Em se tratando do campo cultural, a precarização já chegou faz tempo, antes da que vem sendo implementada pelo Governo Temer. Senão vejamos:


É regra geral, por exemplo, em apresentações que um grupo e/ou um artista faz num centro cultural, num evento e/ou numa mostra patrocinada pelo poder público ou iniciativa privada, a necessidade de uma empresa para o recebimento do cachê, e geralmente é cobrado pela entidade um valor entre 5% a 15% do total do ordenado do contratado. Ou seja, a empresa recolhe os impostos, e o contratado, além de ter o cachê descontado vai pagar para a empresa os impostos (geralmente INSS e ISS), que não voltam para ele. A contribuição, que serviria para somar numa futura aposentadoria, vai para o governo. O próprio Estado estimula a prática, quando faz esse tipo de exigência em seus editais e chamadas públicas.
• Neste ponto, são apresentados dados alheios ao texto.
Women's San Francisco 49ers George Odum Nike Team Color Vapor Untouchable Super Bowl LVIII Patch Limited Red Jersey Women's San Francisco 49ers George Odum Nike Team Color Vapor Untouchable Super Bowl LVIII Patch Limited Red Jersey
É uma forma de fazer com que o orçamento para a Cultura cresça porque economiza nos impostos. Entretanto, produz uma relação precarizada com o trabalhador e de sonegação com o próprio Estado, porque deixa de recolher a contribuição do INSS patronal, a do INSS do trabalhador, a
do ISS e outros.


Consequentemente, muitos artistas e/ou grupos criam suas próprias empresas, e em alguns casos se especializam apenas em fornecer notas fiscais fugindo de sua função original que é produzir e fomentar a Cultura. Criou-se assim relações de poder e dominação entre os chamados “trabalhadores com CNPJ” e os “trabalhadores sem CNPJ”, quem reclamar fica sem receber e sem participar de editais e chamadas públicas. E se não se adequar fica sem trabalho e dignidade.


O atraso no pagamento do trabalhador da Cultura é uma realidade. Em vez de 30 dias, como é habitual, o cachê sai entre 45 a 120 dias, após o serviço prestado.

Quando não demora um ano.


Também é prática cada vez mais comum, os sindicatos de trabalhadores e associações de classe oferecerem como opção aos seus associados a previdência privada como alternativa à previdência pública, tão combalida e atacada atualmente nas chamadas reformas do Governo Temer. A impressão é que os próprios defensores dos trabalhadores da Cultura parecem ter “jogado a toalha” em relação à defesa da previdência social, à proteção e aposentadoria da categoria.


Diante do exposto, faz-se necessária a promoção de um debate amplo e franco sobre a precarização do trabalho, a previdência social, a terceirização laboral no campo cultural, através dos meios de comunicação, nas redes sociais, nos governos, nos fóruns de linguagens, sindicatos e associações de classe. Ou é um debate que ninguém quer fazer, por que será?